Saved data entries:
• • • • •
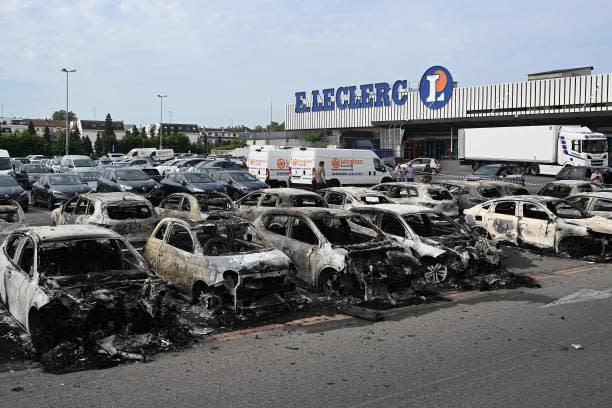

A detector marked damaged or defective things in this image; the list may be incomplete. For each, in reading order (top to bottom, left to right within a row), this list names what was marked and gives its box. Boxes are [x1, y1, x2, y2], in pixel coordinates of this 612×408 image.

burnt car [0, 200, 25, 244]
burnt car [0, 174, 28, 210]
burnt car [13, 162, 52, 189]
burnt car [31, 173, 91, 209]
burnt car [0, 225, 172, 352]
charred car wreck [0, 225, 186, 372]
burnt car [51, 193, 159, 250]
burnt car [97, 167, 161, 204]
burnt car [159, 171, 228, 198]
burnt car [155, 193, 234, 222]
burnt car [144, 217, 296, 312]
charred car wreck [144, 217, 296, 316]
burnt car [210, 170, 268, 200]
rusted car hood [206, 247, 292, 276]
burnt car [237, 187, 328, 222]
burnt car wheel [318, 270, 352, 298]
charred car wreck [253, 207, 420, 302]
burnt car [255, 209, 420, 302]
burnt car [318, 186, 394, 209]
burnt car [368, 182, 460, 218]
burnt car [352, 206, 500, 282]
burnt car wheel [420, 262, 450, 284]
burnt car [430, 181, 502, 214]
burnt car [466, 164, 524, 186]
burnt car [464, 195, 612, 258]
burnt car [536, 180, 600, 199]
rusted car hood [560, 215, 612, 234]
burnt car [564, 192, 612, 220]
• • • • •
YOUR TASK. Output every record verbatim, skipping images.

ANSWER TO THIS TASK.
A detector marked damaged or defective things in this image; the list may be incomplete. For each, in reading order (top to bottom, left to right within a row), this list names what was marked and gives its box. Boxes are [x1, y1, x2, y2], in pixel coordinates of this 612×408 image.

burnt car [0, 200, 25, 244]
burnt car [0, 174, 28, 210]
burnt car [13, 162, 52, 189]
burnt car [31, 173, 91, 209]
burnt car [0, 225, 172, 352]
charred car wreck [0, 225, 186, 372]
burnt car [51, 193, 159, 250]
burnt car [97, 167, 161, 204]
burnt car [159, 171, 228, 198]
burnt car [155, 193, 234, 222]
burnt car [144, 217, 296, 312]
charred car wreck [144, 217, 296, 316]
burnt car [210, 170, 268, 200]
rusted car hood [206, 247, 292, 276]
burnt car [237, 187, 328, 222]
burnt car wheel [318, 270, 352, 298]
charred car wreck [253, 207, 420, 302]
burnt car [255, 209, 420, 302]
burnt car [318, 186, 394, 209]
burnt car [368, 182, 460, 218]
burnt car [352, 206, 500, 282]
burnt car wheel [420, 262, 450, 284]
burnt car [430, 181, 502, 214]
burnt car [466, 164, 524, 186]
burnt car [464, 195, 612, 258]
burnt car [536, 180, 600, 199]
rusted car hood [560, 215, 612, 234]
burnt car [564, 192, 612, 220]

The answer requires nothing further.